TASK BRIEF: Stop after the line with "Kép 2/7 - Alpinestars"; until then, please copy every line of the records word for word from the first.

Top of DATA SHOWN

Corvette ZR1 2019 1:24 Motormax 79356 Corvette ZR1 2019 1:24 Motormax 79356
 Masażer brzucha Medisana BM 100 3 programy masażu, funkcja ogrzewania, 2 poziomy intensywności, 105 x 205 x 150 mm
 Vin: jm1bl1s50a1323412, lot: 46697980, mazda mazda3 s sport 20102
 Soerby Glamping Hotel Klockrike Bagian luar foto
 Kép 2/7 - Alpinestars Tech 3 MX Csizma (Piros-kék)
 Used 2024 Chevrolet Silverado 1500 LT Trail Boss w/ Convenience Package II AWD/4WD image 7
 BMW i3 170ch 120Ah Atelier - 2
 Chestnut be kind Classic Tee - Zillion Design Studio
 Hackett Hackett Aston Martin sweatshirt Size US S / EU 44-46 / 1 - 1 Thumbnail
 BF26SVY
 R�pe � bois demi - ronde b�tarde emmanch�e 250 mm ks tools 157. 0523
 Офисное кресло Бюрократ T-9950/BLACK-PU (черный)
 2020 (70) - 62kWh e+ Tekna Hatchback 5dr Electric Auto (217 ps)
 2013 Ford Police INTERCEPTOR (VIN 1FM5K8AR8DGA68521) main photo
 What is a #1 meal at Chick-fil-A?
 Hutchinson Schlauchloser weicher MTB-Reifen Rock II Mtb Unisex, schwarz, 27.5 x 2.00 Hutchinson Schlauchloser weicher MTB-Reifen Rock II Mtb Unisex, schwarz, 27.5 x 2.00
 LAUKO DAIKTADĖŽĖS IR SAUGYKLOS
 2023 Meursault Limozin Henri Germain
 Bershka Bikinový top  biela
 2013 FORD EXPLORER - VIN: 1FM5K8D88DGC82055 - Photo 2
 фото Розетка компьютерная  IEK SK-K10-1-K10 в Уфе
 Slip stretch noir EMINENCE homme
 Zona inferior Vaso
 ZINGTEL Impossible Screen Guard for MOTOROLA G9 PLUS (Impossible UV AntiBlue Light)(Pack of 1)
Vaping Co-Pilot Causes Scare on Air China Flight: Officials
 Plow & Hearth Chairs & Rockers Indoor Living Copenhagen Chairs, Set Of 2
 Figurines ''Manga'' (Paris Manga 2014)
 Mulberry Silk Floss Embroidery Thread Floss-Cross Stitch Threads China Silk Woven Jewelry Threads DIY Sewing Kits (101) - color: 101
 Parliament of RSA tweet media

Bottom of DATA SHOWN

ANSWER AREA:
Corvette ZR1 2019 1:24 Motormax 79356 Corvette ZR1 2019 1:24 Motormax 79356
 Masażer brzucha Medisana BM 100 3 programy masażu, funkcja ogrzewania, 2 poziomy intensywności, 105 x 205 x 150 mm
 Vin: jm1bl1s50a1323412, lot: 46697980, mazda mazda3 s sport 20102
 Soerby Glamping Hotel Klockrike Bagian luar foto
 Kép 2/7 - Alpinestars Tech 3 MX Csizma (Piros-kék)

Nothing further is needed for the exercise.